Reputation: 24154
I am trying to crawl a page that requires Siteminder Authentication, So I am trying to pass my username and password in the code itself to access that page and keep on crawling all the links that are there in that page. This is my Controller.java
code. And from this MyCrawler class is getting called.
public class Controller {
public static void main(String[] args) throws Exception {
CrawlController controller = new CrawlController("/data/crawl/root");
controller.addSeed("http://ho.somehost.com/");
controller.start(MyCrawler.class, 10);
controller.setPolitenessDelay(200);
controller.setMaximumCrawlDepth(3);
}
}
And this is my MyCrawler.java code. In this I am passing my credentials(username and password) for siteminder authentication. And just wanted to make sure that authentication should be done in this MyCrawler code or the above Controller code..??? And this crawler code is taken from here (http://code.google.com/p/crawler4j/)
public class MyCrawler extends WebCrawler {
Pattern filters = Pattern.compile(".*(\\.(css|js|bmp|gif|jpe?g"
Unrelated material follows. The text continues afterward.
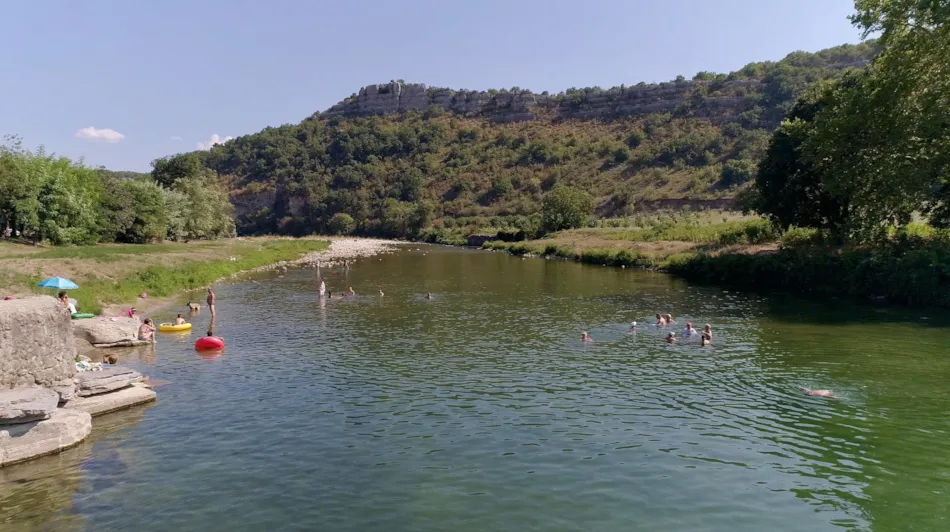 CAMPING LES PLATANES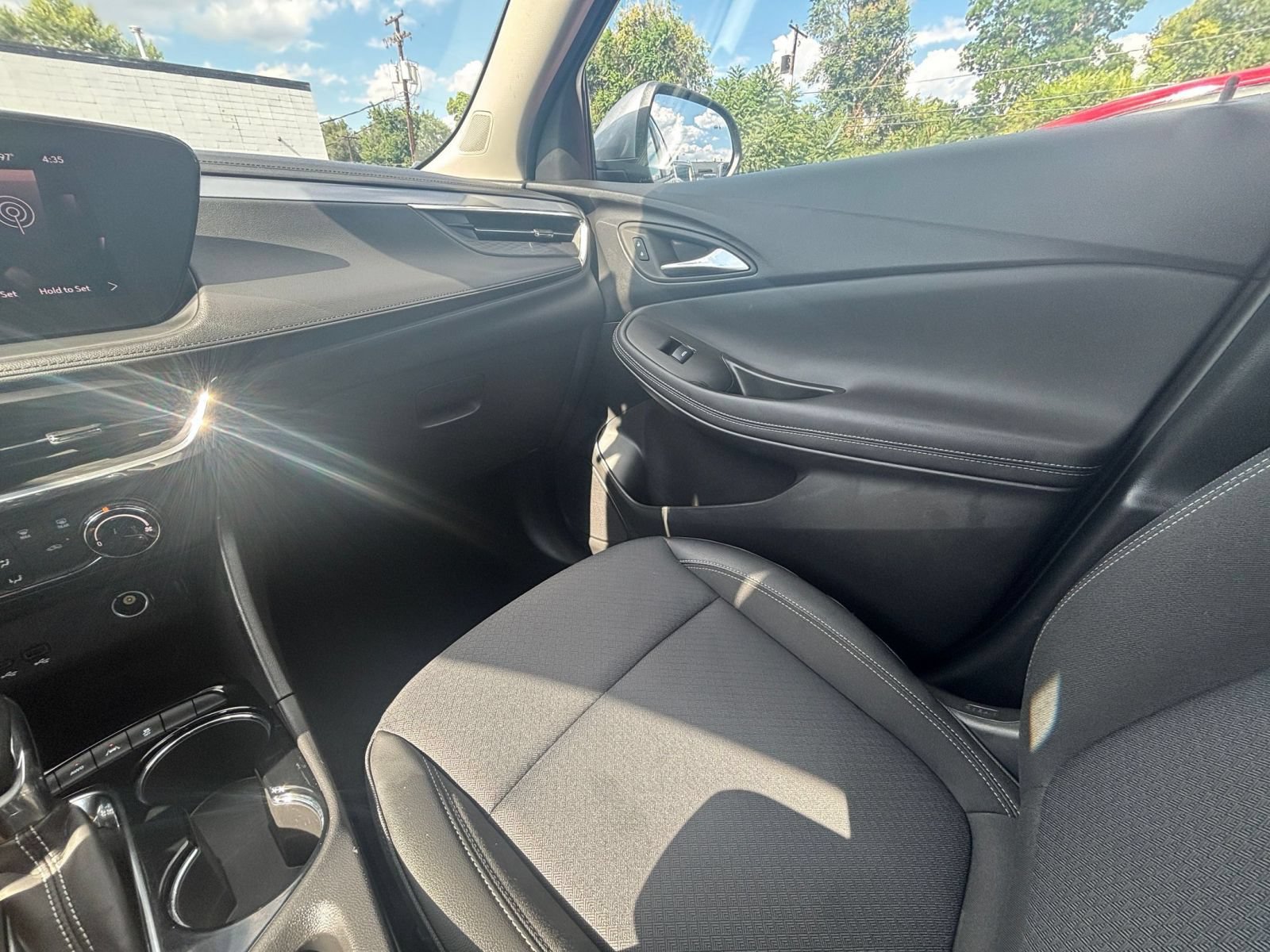 Used 2026 Buick Encore GX Preferred AWD/4WD image 31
+ "|png|tiff?|mid|mp2|mp3|mp4" + "|wav|avi|mov|mpeg|ram|m4v|pdf"
+ "|rm|smil|wmv|swf|wma|zip|rar|gz))$");
public MyCrawler() {
}
public boolean shouldVisit(WebURL url) {
System.out.println("RJ:- " +url);
DefaultHttpClient client = null;
try
{
// Set url
//URI uri = new URI(url.toString());
client = new DefaultHttpClient();
client.getCredentialsProvider().setCredentials(
new AuthScope(AuthScope.ANY_HOST, AuthScope.ANY_PORT, null),
new UsernamePasswordCredentials("test", "test"));
// Set timeout
//client.getParams().setParameter(CoreConnectionPNames.SO_TIMEOUT, 5000);
HttpGet request = new HttpGet(url.toString());
HttpResponse response = client.execute(request);
if(response.getStatusLine().getStatusCode() == 200)
{
InputStream responseIS = response.getEntity().getContent();
BufferedReader reader = new BufferedReader(new InputStreamReader(responseIS));
String line = reader.readLine();
while (line != null)
{
System.out.println(line);
line = reader.readLine();
}
}
else
{
System.out.println("Resource not available");
}
}
catch (ClientProtocolException e)
{
System.out.println(e.getMessage());
}
catch (ConnectTimeoutException e)
{
System.out.println(e.getMessage());
}
catch (IOException e)
{
System.out.println(e.getMessage());
}
catch (Exception e)
{
System.out.println(e.getMessage());
}
finally
{
if ( client != null )
{
client.getConnectionManager().shutdown();
}
}
String href = url.getURL().toLowerCase();
if (filters.matcher(href).matches()) {
return false;
}
if (href.startsWith("http://")) {
return true;
}
return false;
}
public void visit(Page page) {
int docid = page.getWebURL().getDocid();
String url = page.getWebURL().getURL();
String text = page.getText();
List<WebURL> links = page.getURLs();
int parentDocid = page.getWebURL().getParentDocid();
System.out.println("Docid: " + docid);
System.out.println("URL: " + url);
System.out.println("Text length: " + text.length());
System.out.println("Number of links: " + links.size());
System.out.println("Docid of parent page: " + parentDocid);
System.out.println("=============");
}
}
I am printing the url so that I can see what url's are getting printed. So by that way it prints two url one the actual url that requires authentication and then some siteminder url. And when I run this project I get error as following..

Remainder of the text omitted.